# ASSIGNMENT
Exclude images, then output the remaining data verbatim.

# DATA FOR THIS EXERCISE
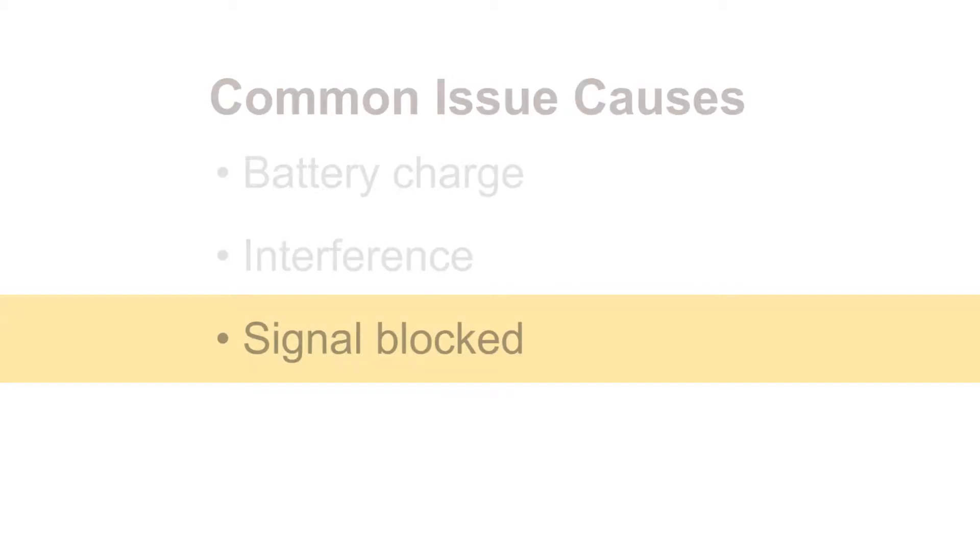Another reason for signal quality or intermittency problems is physically blocking the signal from the wireless accessory to the processor. This can actually be as easy as covering the wireless accessory when you're talking, or when someone's talking to you in the case of the mini microphone. So you don't want to cover the microphone with any part of your body.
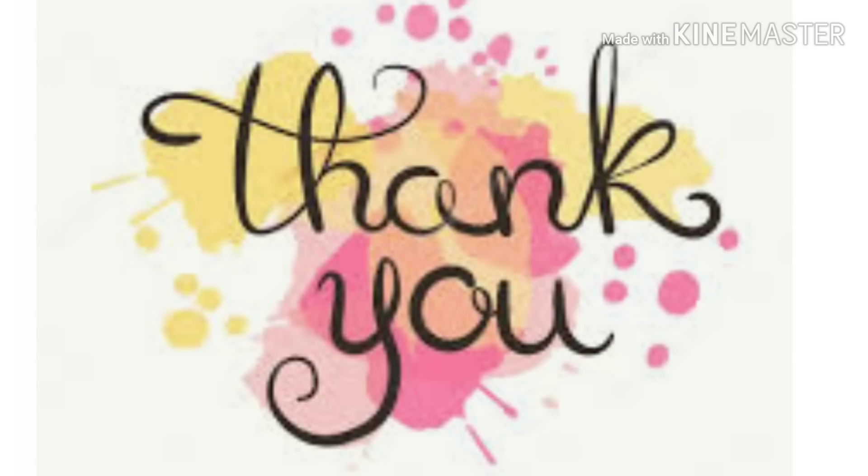Thank you everybody for stopping by and watching another five off and $25 for Saturday, September the 21st. If you're new to my channel and this is the first time stopping by, please consider subscribing. If you enjoyed the video and found it to be helpful, please give me a thumbs up. Don't forget to hit that notification bell and have fun out there — enjoy couponing. Happy couponing and happy savings!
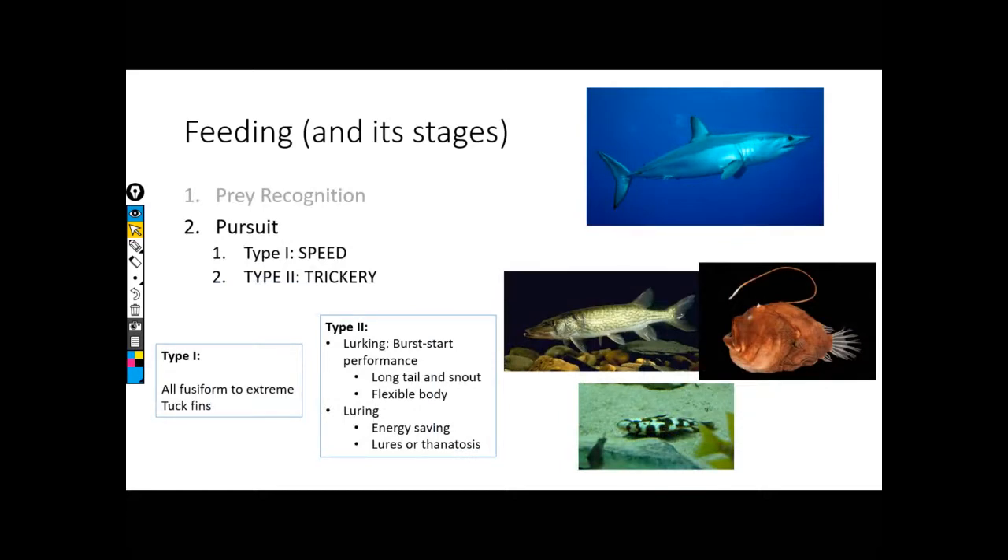Step two: once I've recognized food exists and identified it as a food item, I need to go after it — chase it down. We see this broken down into two pieces again. Type one is active: simple, straightforward, chase that food down using straight-up speed. No frills, high-speed chase.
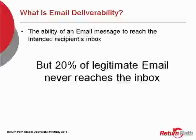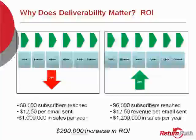That number hasn't changed since I've been at Return Path for almost eight years now. The reason for that is it's all due to sending reputation, which I'm going to be talking about. So how does that impact your return on investment?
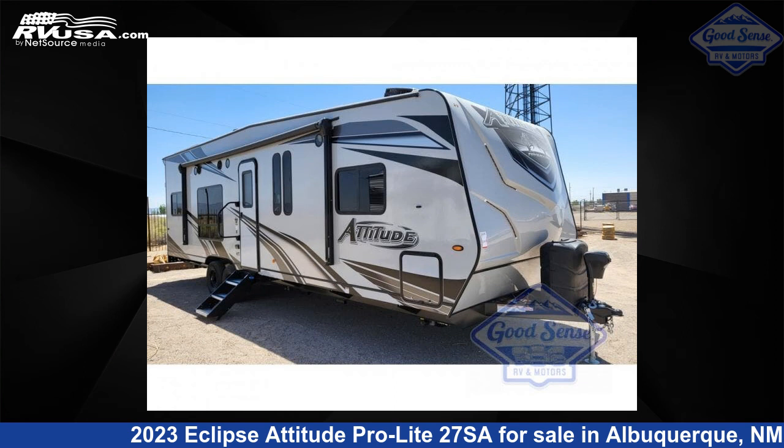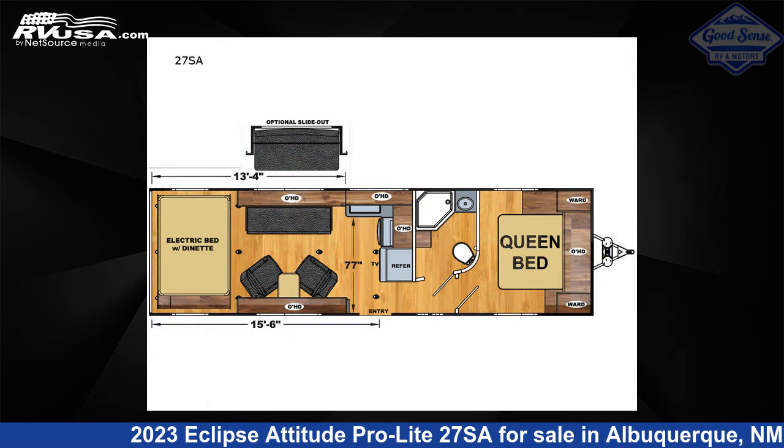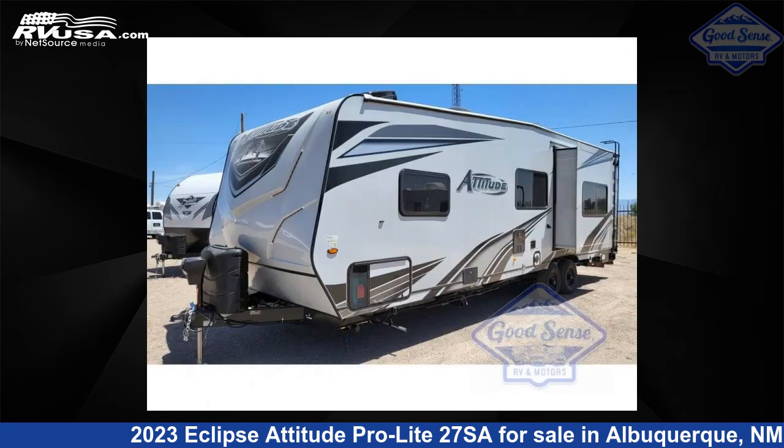This 2023 Eclipse Attitude Pro Lite 2.7 SA is a toy hauler RV. It is located in Albuquerque, New Mexico 87123 and is offered for sale by GoodSense RV and Motors.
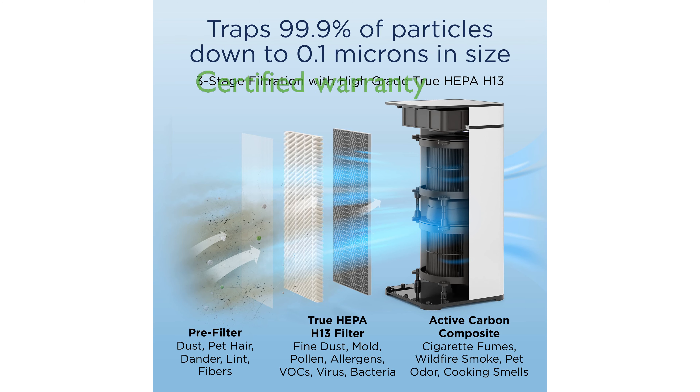It is certified by CARB, ETL, and Energy Star, and comes with a lifetime warranty for peace of mind. The replacement filter lasts up to 3,000 hours, approximately six months, ensuring long-term use without frequent maintenance.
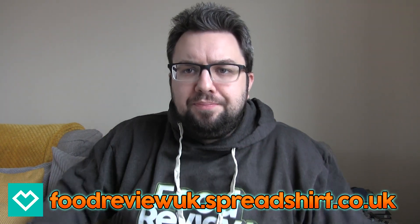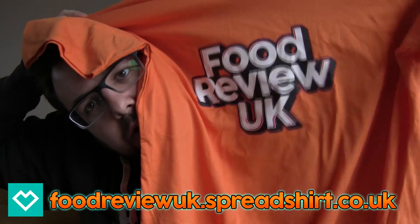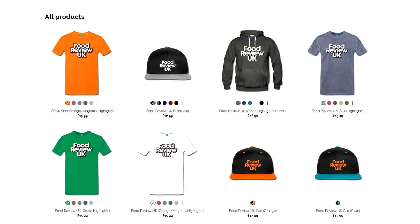Thank you very much for watching everyone. We have got new merchandise on our store — I'm wearing this very dark grey hoodie with a green logo, Food Review UK. We've got caps on there, we've got — look at this t-shirt. Do you like the look of that? You can buy it. Go to foodreviewuk.spreadshirt.co.uk and we will see you next time.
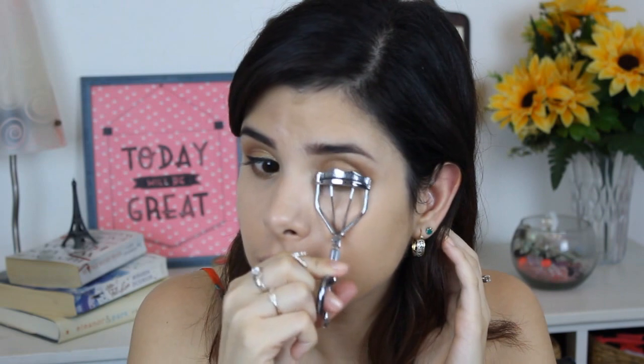Now I'm going to curl my lashes. And for mascara, I'm going to be using the Kevin Aucoin Volume Mascara. It's a great mascara — it really gives you volume and I love it. Not only volume, but length to the lashes as well. I'm going to apply it on the bottom lashes too. Eyes done!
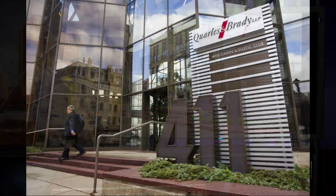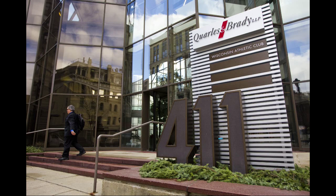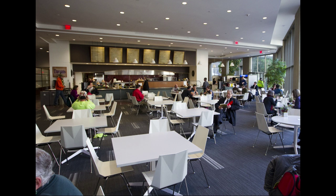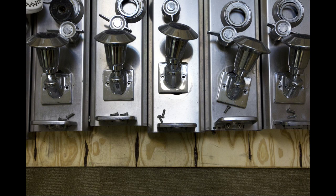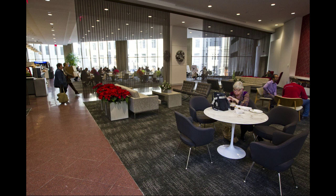Thanks to a series of improvements by its new owner, the 30-story 411 East Wisconsin Center is now the largest Milwaukee-area building to receive gold certification from a national program that rates commercial, institutional, and government properties on their environmental impact. The U.S. Green Building Council's LEED program recognized those improvements, which include energy-efficient LED lighting systems, Energy Star rated plumbing fixtures, and the upcoming installation of high-efficiency building chillers.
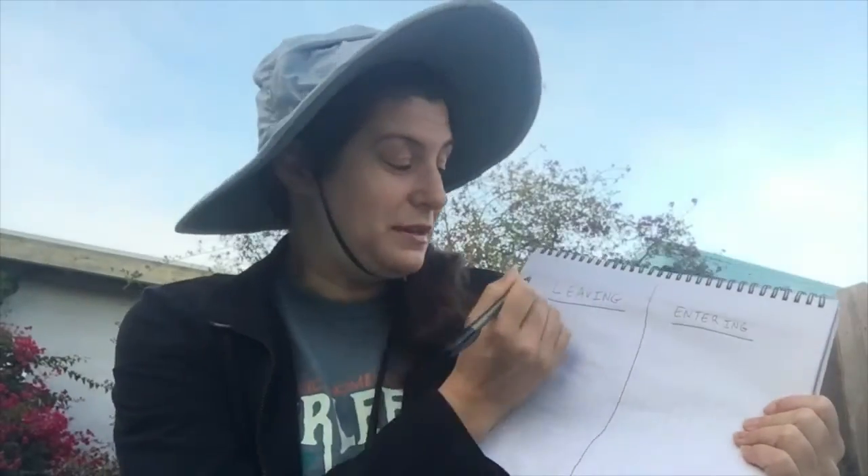For this activity you will need a pencil or pen and a piece of paper. This video is looking at a roost in a house in Point Reyes National Seashore, California, and it is looking at the Townsend's big-eared bat. You will be counting the number of bats leaving the roost and also entering the roost. As a bat leaves you will make a tick mark, and as it enters you will do the same.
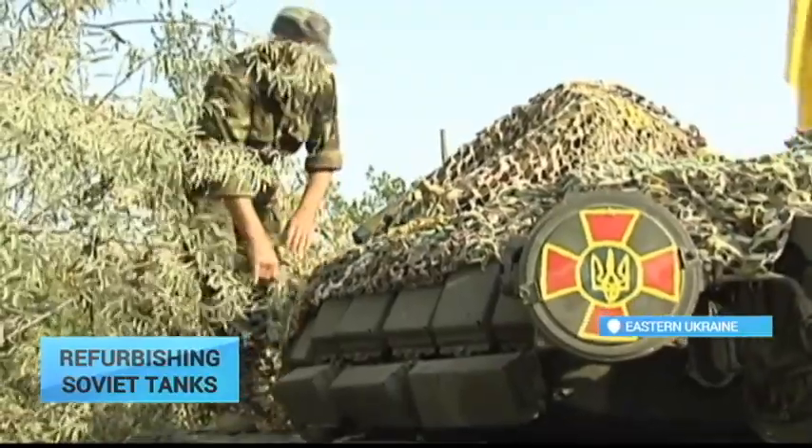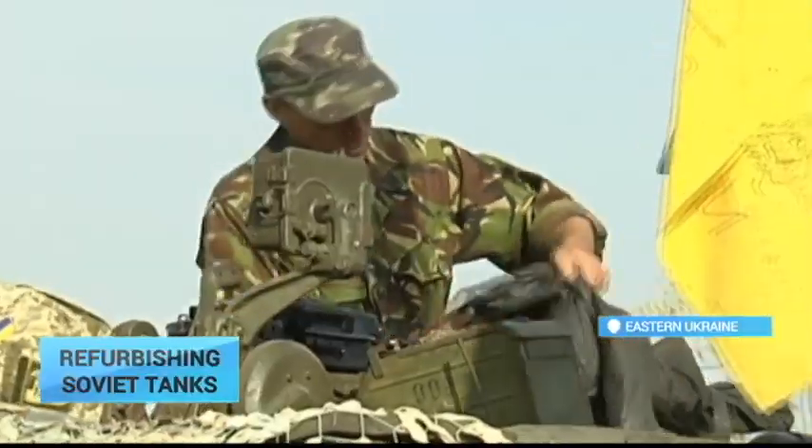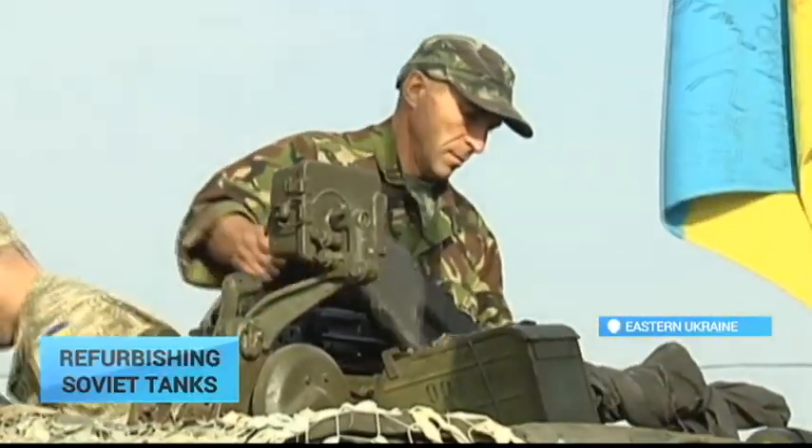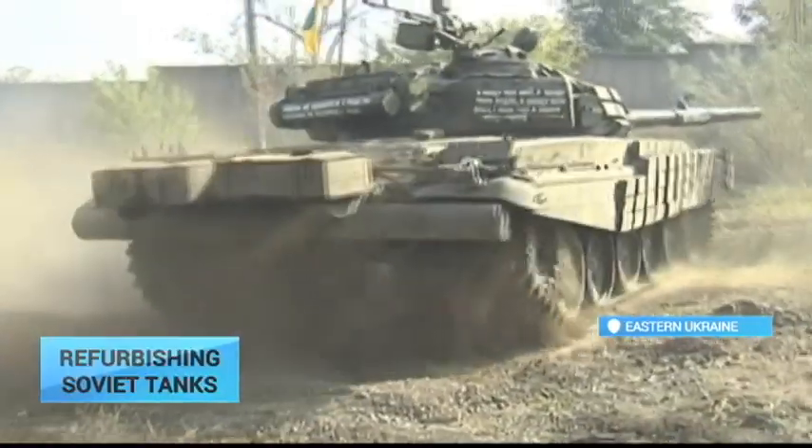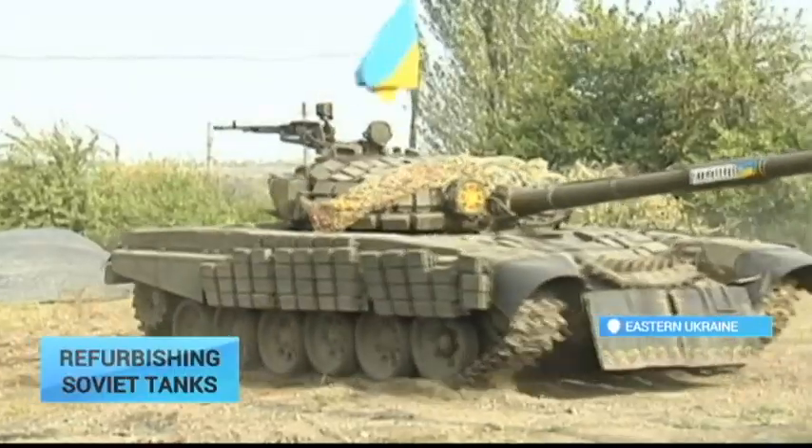The T-72 was one of the first tanks in the world to include an automated loading system and a gas turbine engine for propulsion. It was widely produced after World War II in the Soviet Union.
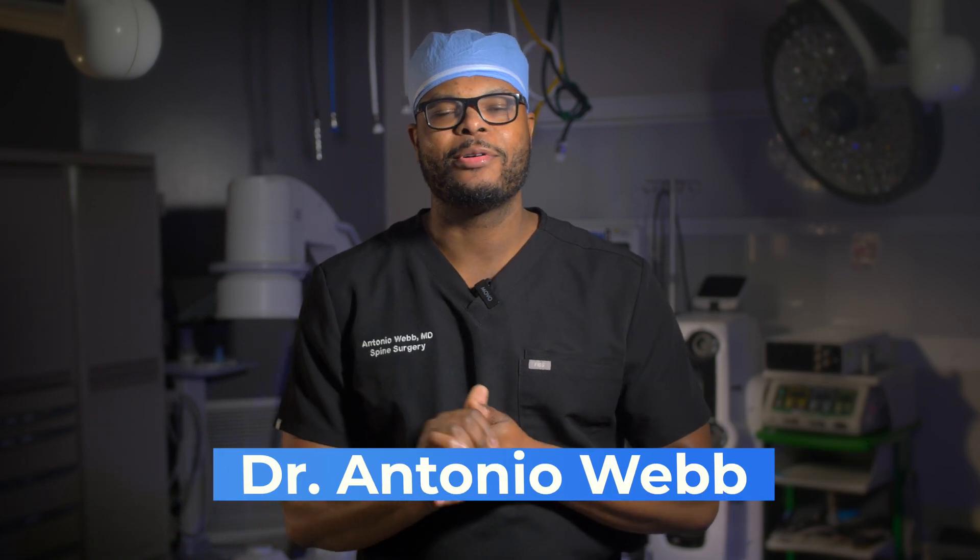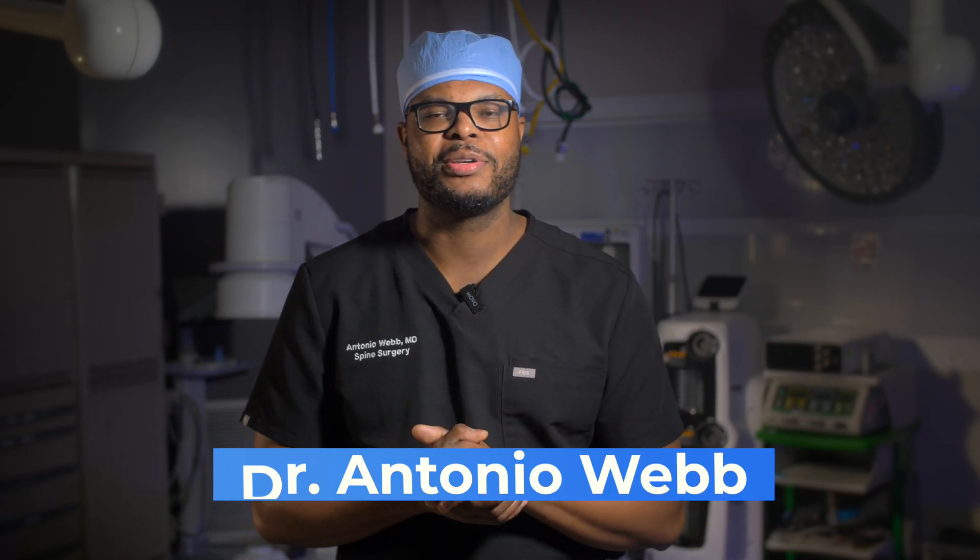What's up guys? Dr. Antonio Webb here, orthopedic spine surgeon here in San Antonio, Texas. One of the most common questions that I get is: what happens if you have to use the bathroom during surgery?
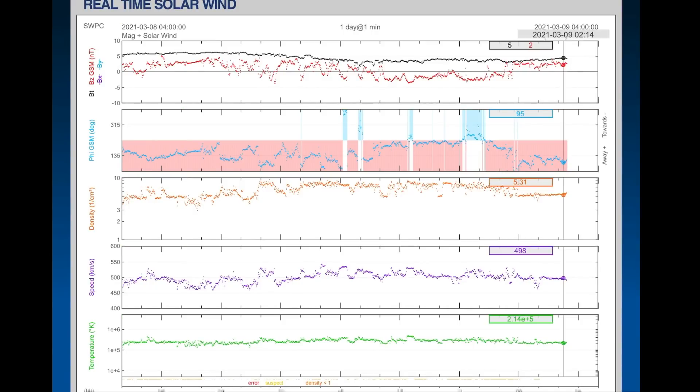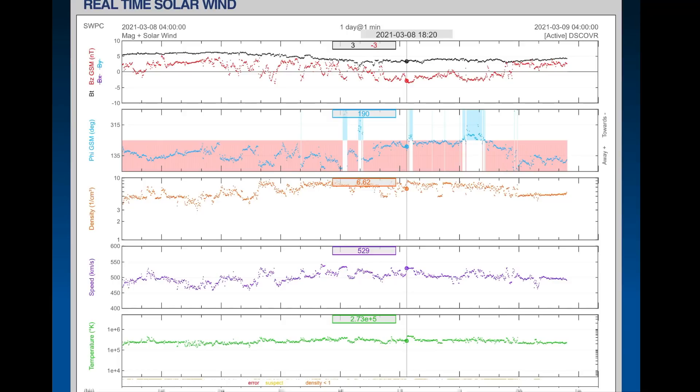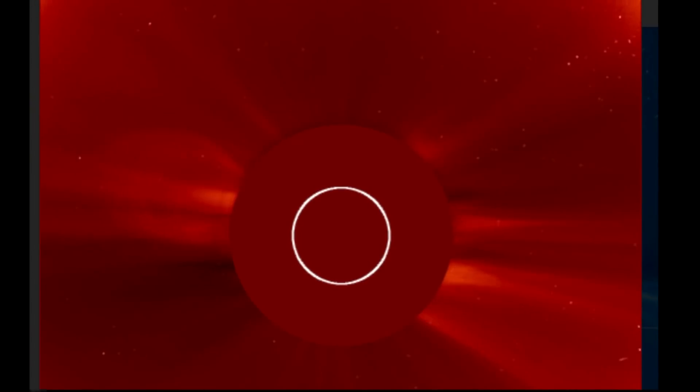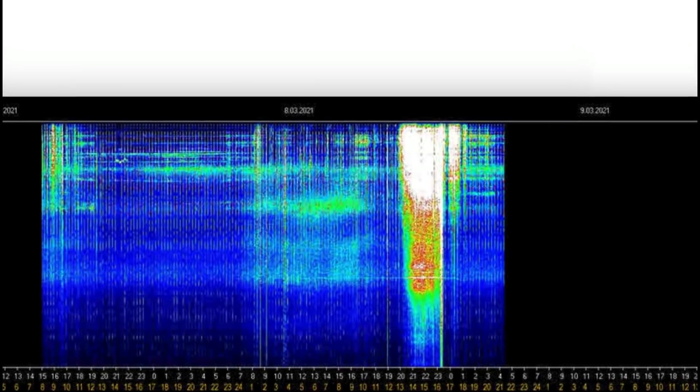Looking here at the real-time solar wind, we are steady at about 480 kilometers per second. We did see it jump up to about 560 kilometers per second overnight, but nothing drastic. We are not being affected by any space weather right now. Geomagnetic activity remains low. Looking here at the LASCO C2 images, you can see a small CME burst away, and a pretty bright fiery region there in the last image.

# RESPONSE AREA
Another reason for signal quality or intermittency problems is physically blocking the signal from the wireless accessory to the processor. This can actually be as easy as covering the wireless accessory when you're talking, or when someone's talking to you in the case of the mini microphone. So you don't want to cover the microphone with any part of your body.
Thank you everybody for stopping by and watching another five off and $25 for Saturday, September the 21st. If you're new to my channel and this is the first time stopping by, please consider subscribing. If you enjoyed the video and found it to be helpful, please give me a thumbs up. Don't forget to hit that notification bell and have fun out there — enjoy couponing. Happy couponing and happy savings!
Step two: once I've recognized food exists and identified it as a food item, I need to go after it — chase it down. We see this broken down into two pieces again. Type one is active: simple, straightforward, chase that food down using straight-up speed. No frills, high-speed chase.
That number hasn't changed since I've been at Return Path for almost eight years now. The reason for that is it's all due to sending reputation, which I'm going to be talking about. So how does that impact your return on investment?
This 2023 Eclipse Attitude Pro Lite 2.7 SA is a toy hauler RV. It is located in Albuquerque, New Mexico 87123 and is offered for sale by GoodSense RV and Motors.
It is certified by CARB, ETL, and Energy Star, and comes with a lifetime warranty for peace of mind. The replacement filter lasts up to 3,000 hours, approximately six months, ensuring long-term use without frequent maintenance.
Thank you very much for watching everyone. We have got new merchandise on our store — I'm wearing this very dark grey hoodie with a green logo, Food Review UK. We've got caps on there, we've got — look at this t-shirt. Do you like the look of that? You can buy it. Go to foodreviewuk.spreadshirt.co.uk and we will see you next time.
Now I'm going to curl my lashes. And for mascara, I'm going to be using the Kevin Aucoin Volume Mascara. It's a great mascara — it really gives you volume and I love it. Not only volume, but length to the lashes as well. I'm going to apply it on the bottom lashes too. Eyes done!
Thanks to a series of improvements by its new owner, the 30-story 411 East Wisconsin Center is now the largest Milwaukee-area building to receive gold certification from a national program that rates commercial, institutional, and government properties on their environmental impact. The U.S. Green Building Council's LEED program recognized those improvements, which include energy-efficient LED lighting systems, Energy Star rated plumbing fixtures, and the upcoming installation of high-efficiency building chillers.
For this activity you will need a pencil or pen and a piece of paper. This video is looking at a roost in a house in Point Reyes National Seashore, California, and it is looking at the Townsend's big-eared bat. You will be counting the number of bats leaving the roost and also entering the roost. As a bat leaves you will make a tick mark, and as it enters you will do the same.
The T-72 was one of the first tanks in the world to include an automated loading system and a gas turbine engine for propulsion. It was widely produced after World War II in the Soviet Union.
What's up guys? Dr. Antonio Webb here, orthopedic spine surgeon here in San Antonio, Texas. One of the most common questions that I get is: what happens if you have to use the bathroom during surgery?
Looking here at the real-time solar wind, we are steady at about 480 kilometers per second. We did see it jump up to about 560 kilometers per second overnight, but nothing drastic. We are not being affected by any space weather right now. Geomagnetic activity remains low. Looking here at the LASCO C2 images, you can see a small CME burst away, and a pretty bright fiery region there in the last image.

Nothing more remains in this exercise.